[The Empire of Austria; Its Rise and Present Power by John S. C. Abbott]@TWC D-Link book
The Empire of Austria; Its Rise and Present Power

CHAPTER III
8/31

This grandeur, instead of satisfying the Austrian princes, did but increase their ambition.
The Austrian territories, though widely scattered, were declared, both by family compact and by imperial decree, to be indivisible.

Albert had a brother, Leopold, two years younger than himself, of exceedingly restless and ambitious spirit, while Albert was inactive, and a lover of ease and repose.

Leopold was sent to Switzerland, and intrusted with the administration of those provinces.

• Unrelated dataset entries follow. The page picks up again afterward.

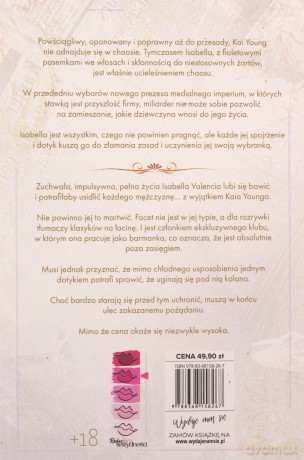Władca dumy - Ana Huang [KSIĄŻKA]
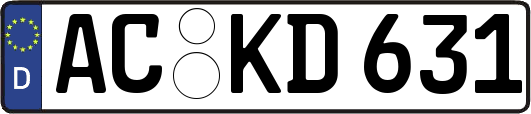 AC-KD631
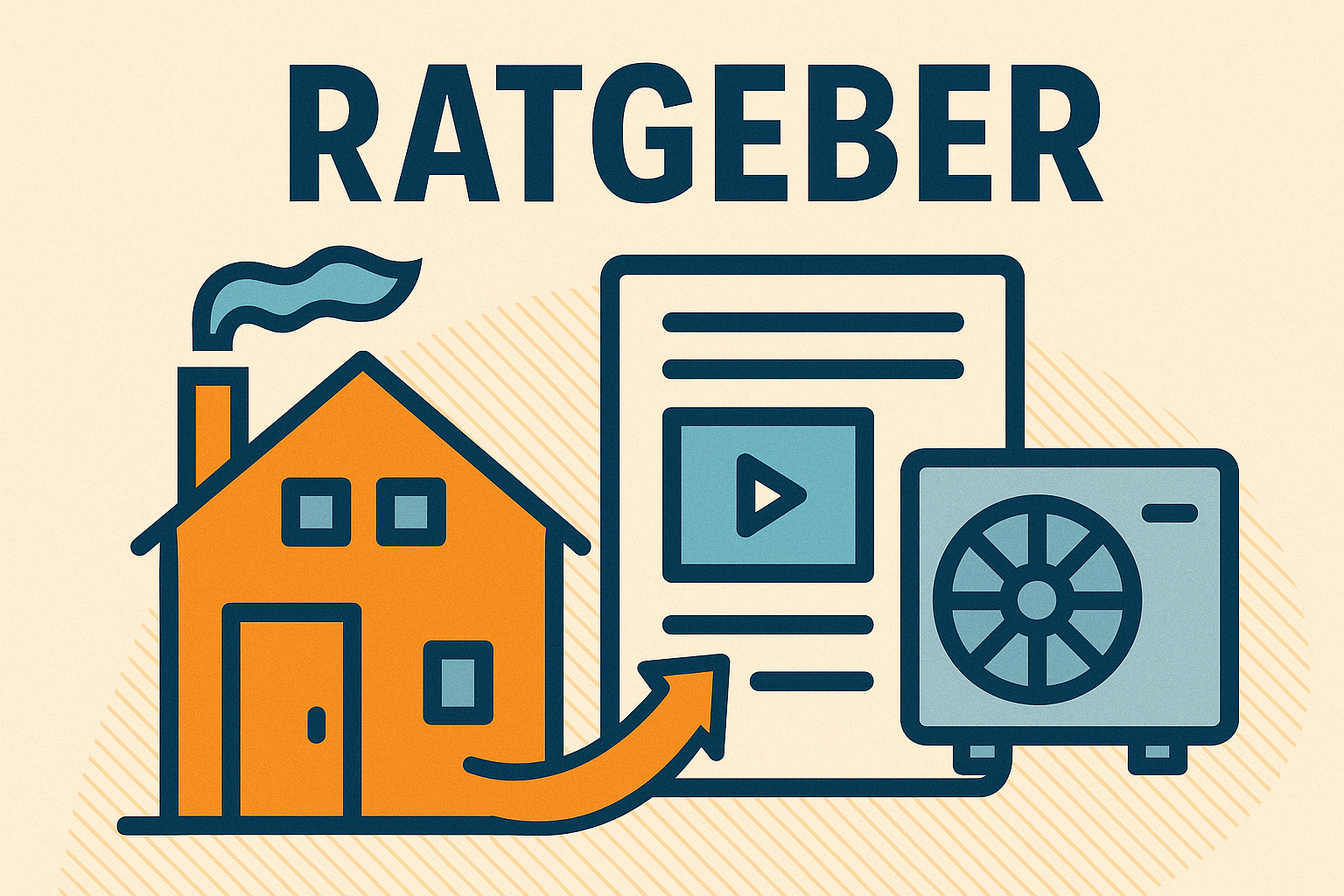 Grafische Vorschauillustration für den Ratgeberbereich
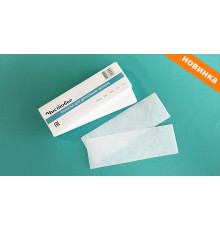 Полоски для депиляции Эконом 7х20см, 100 шт, флизилин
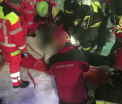 Marturii cutremuratoare facute de pe patul de spital de supravietuitorii avalansei din Italia: "Am mancat zapada si gheata"
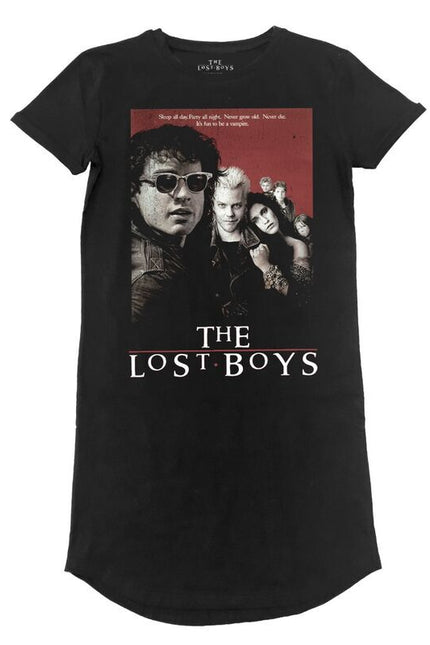 The Lost Boys T-Shirt Dress | Poster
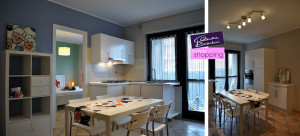 soggiorno cucina ikea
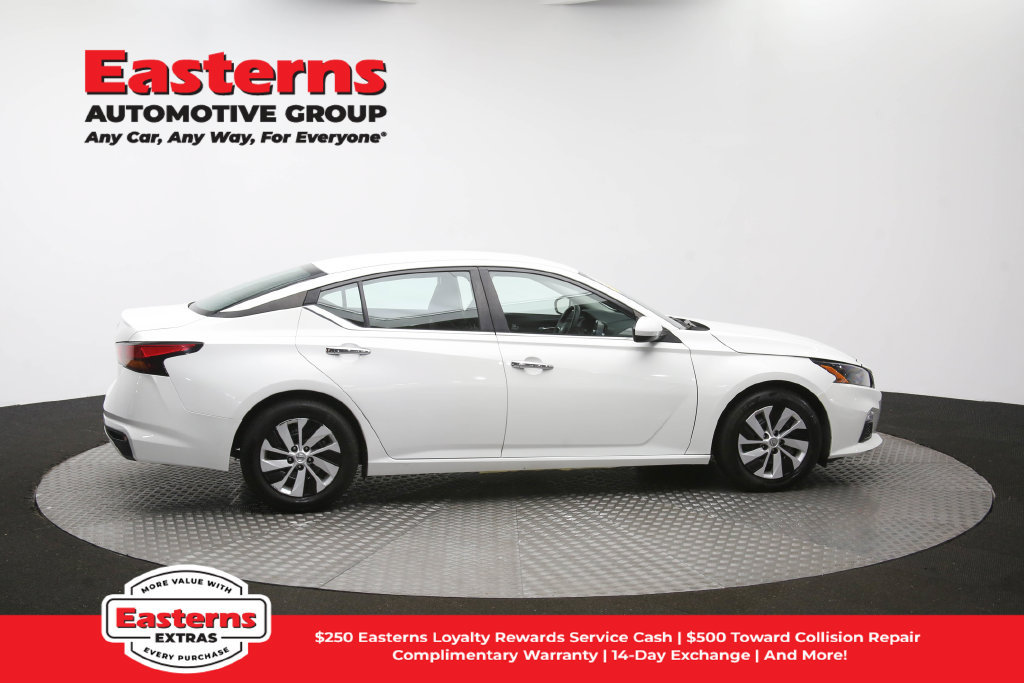 Used 2022 Nissan Altima 2.5 S FWD image 43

But his imperious spirit so dominated over his elder but pliant brother, that he extorted from him a compact, by which the realm was divided, Albert remaining in possession of the Austrian provinces of the Danube, and Leopold having exclusive dominion over those in Switzerland; while the magnificent new acquisition, the Tyrol, lying between the two countries, bounding Switzerland on the east, and Austria on the west, was shared between them.
Nothing can more clearly show the moderate qualities of Albert than that he should have assented to such a plan.

He did, however, with easy good nature, assent to it, and the two brothers applied to the Emperor Charles to ratify the division by his imperial sanction.